**Task description**: Set down, exactly as written, the lines from the line holding "2 Bedroom Property" to the end of the data, inclusive, skipping any pictures.

####################

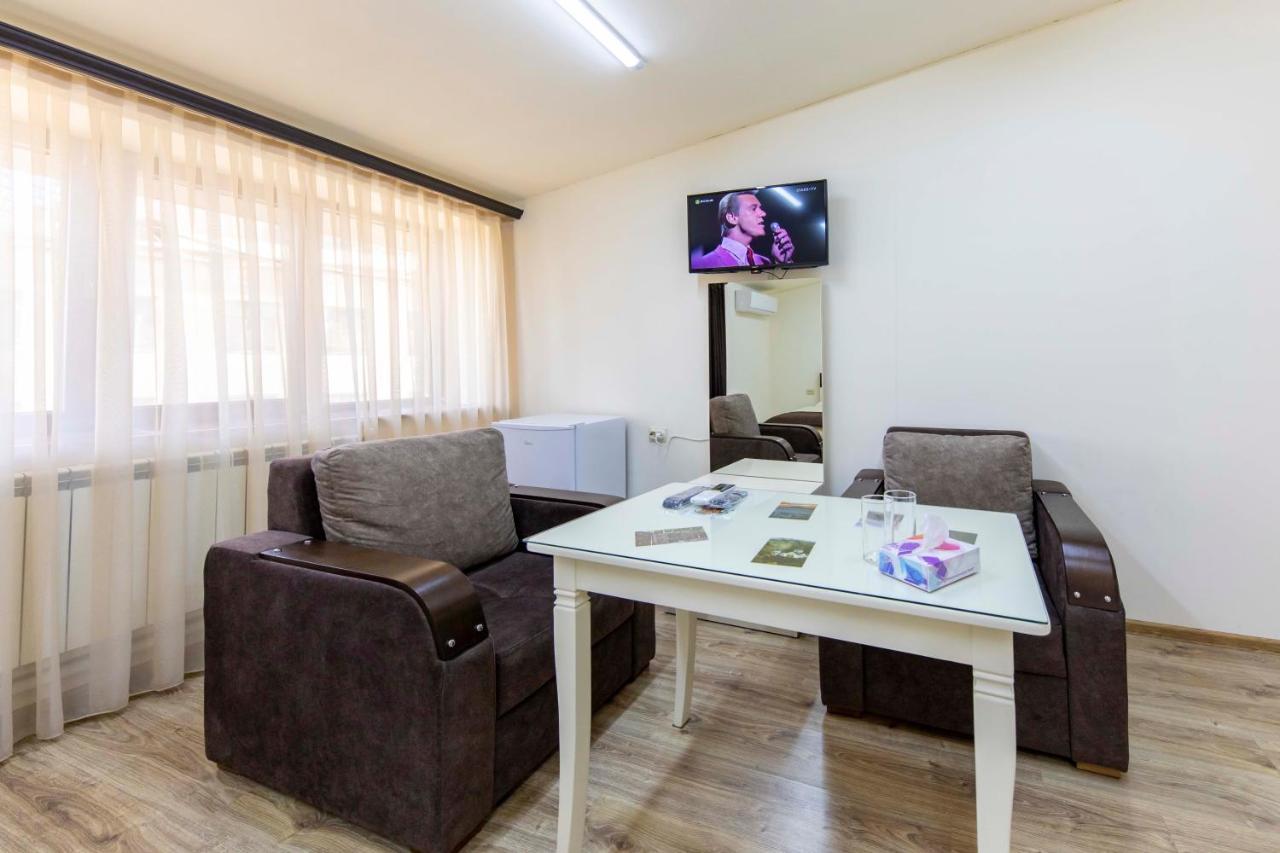 Tatev Hotel And Tours Yerevan Luaran gambar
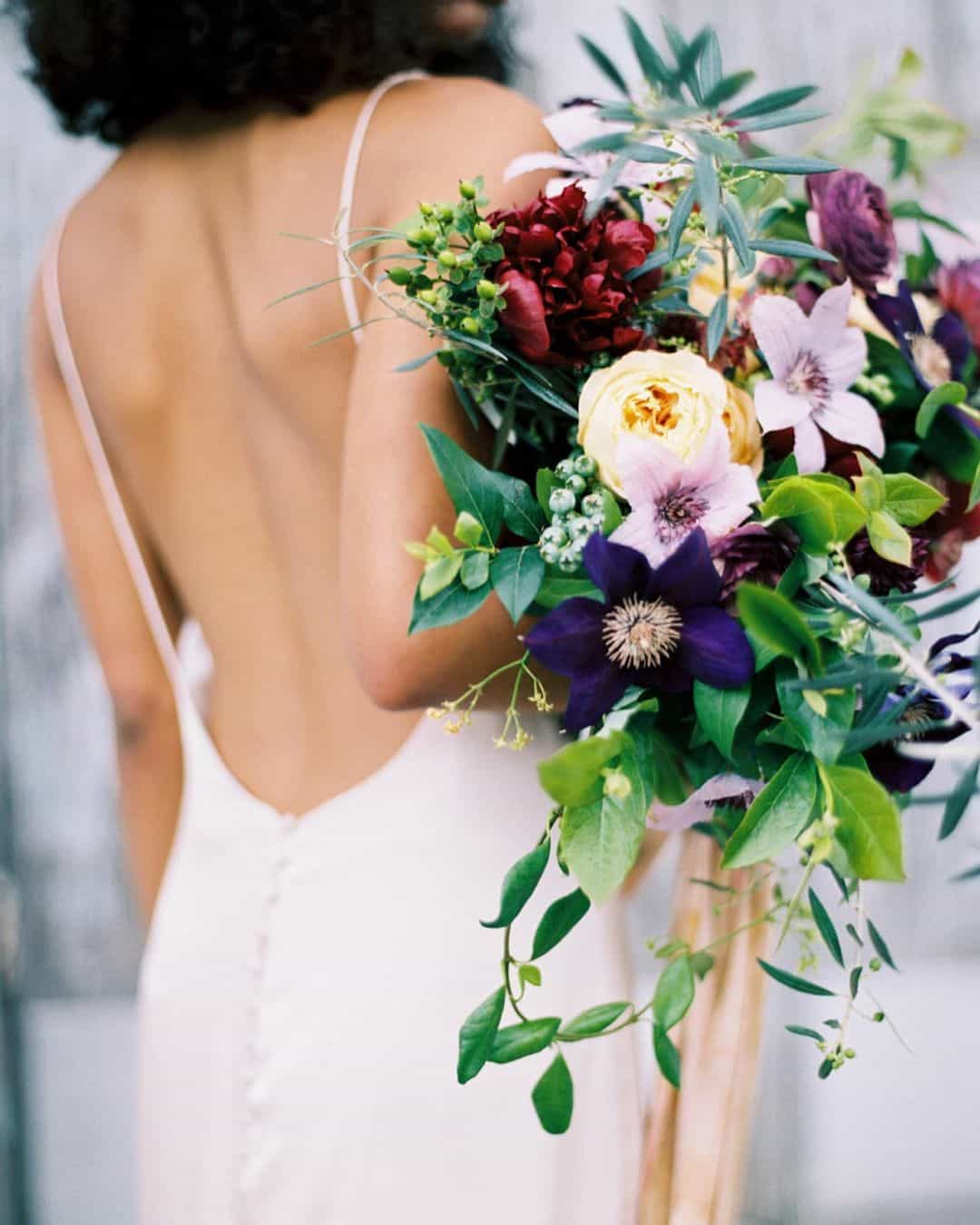 Lovely Wedding Bouquets With Daisies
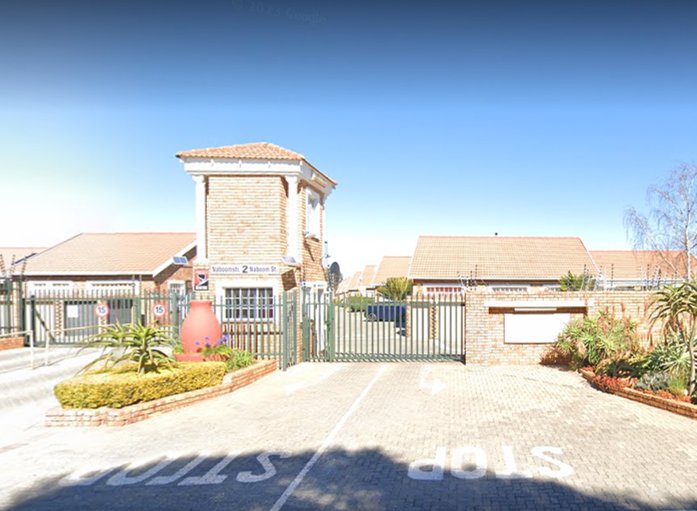 2 Bedroom Property for Sale in Wilro Park Gauteng
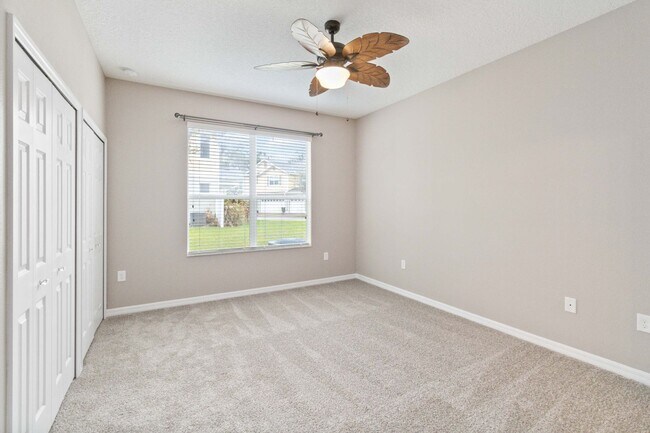 Building Photo - Beautiful Two Story 3/2.5 Town Home w/ Loft & Screened Porch in St. Cloud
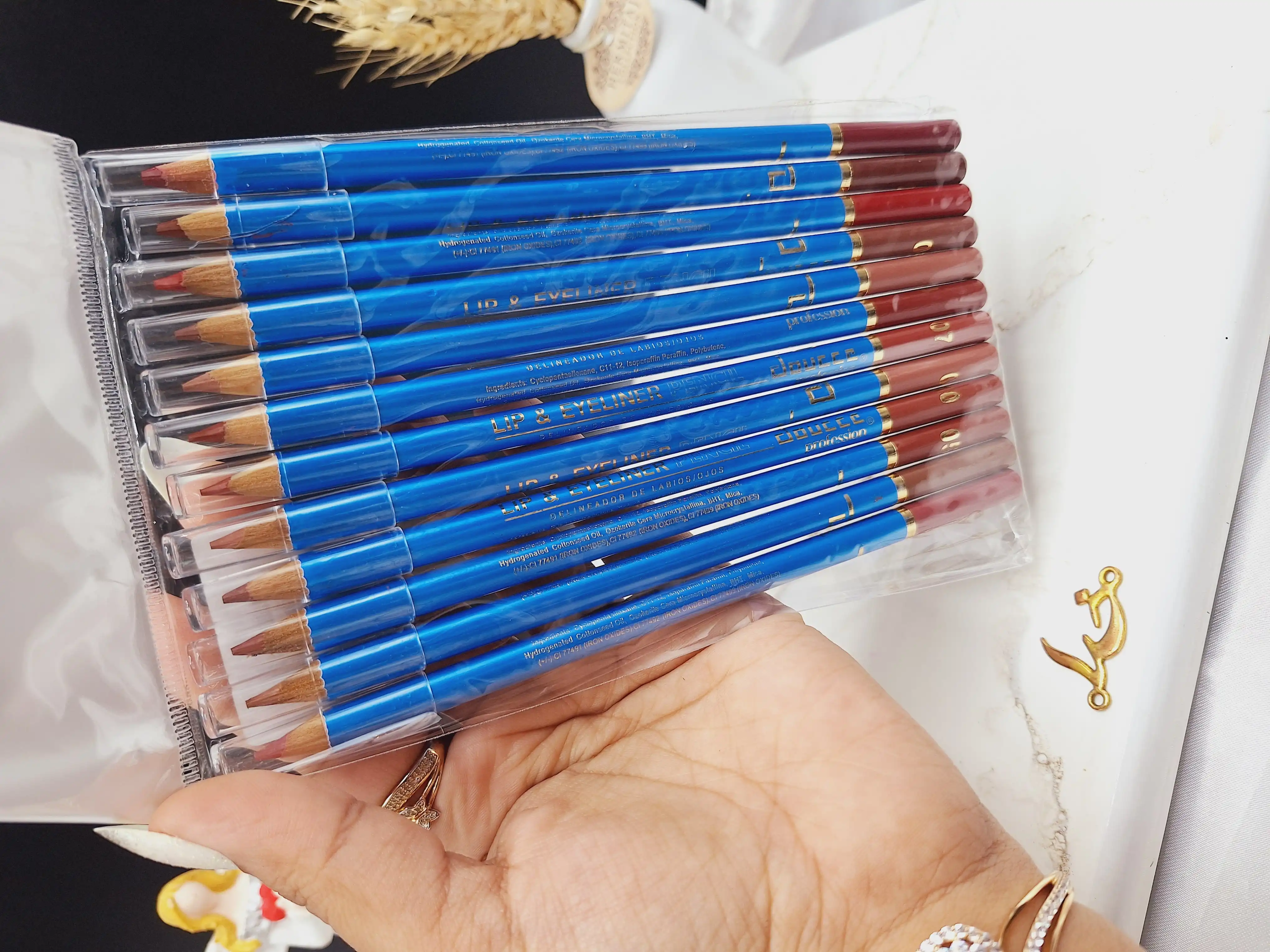 مداد لب برند دوسه doucce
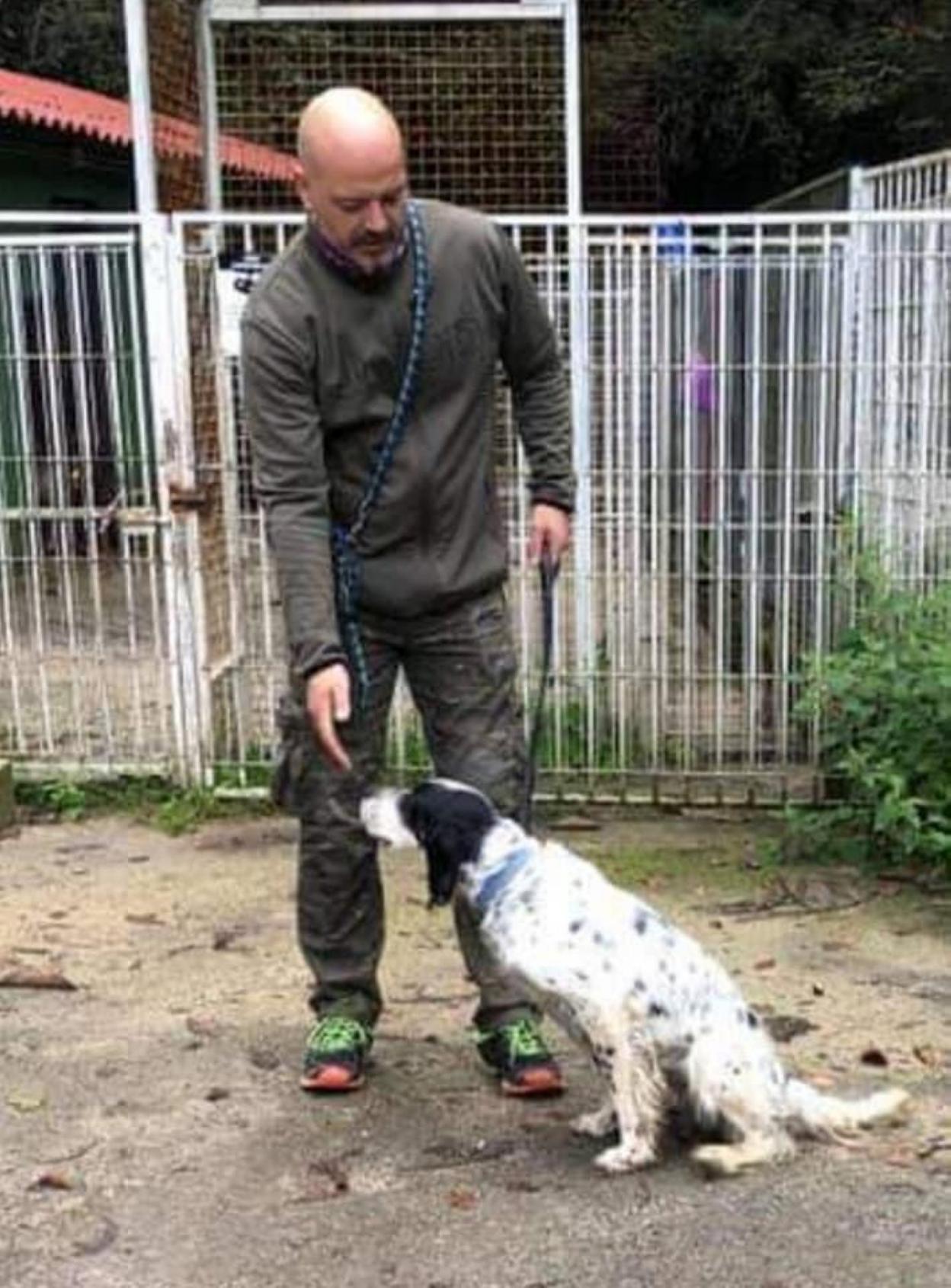 Tono, con uno de los perros del albergue de Mieres.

####################

**Output for this exercise**:
 2 Bedroom Property for Sale in Wilro Park Gauteng
 Building Photo - Beautiful Two Story 3/2.5 Town Home w/ Loft & Screened Porch in St. Cloud
 مداد لب برند دوسه doucce
 Tono, con uno de los perros del albergue de Mieres.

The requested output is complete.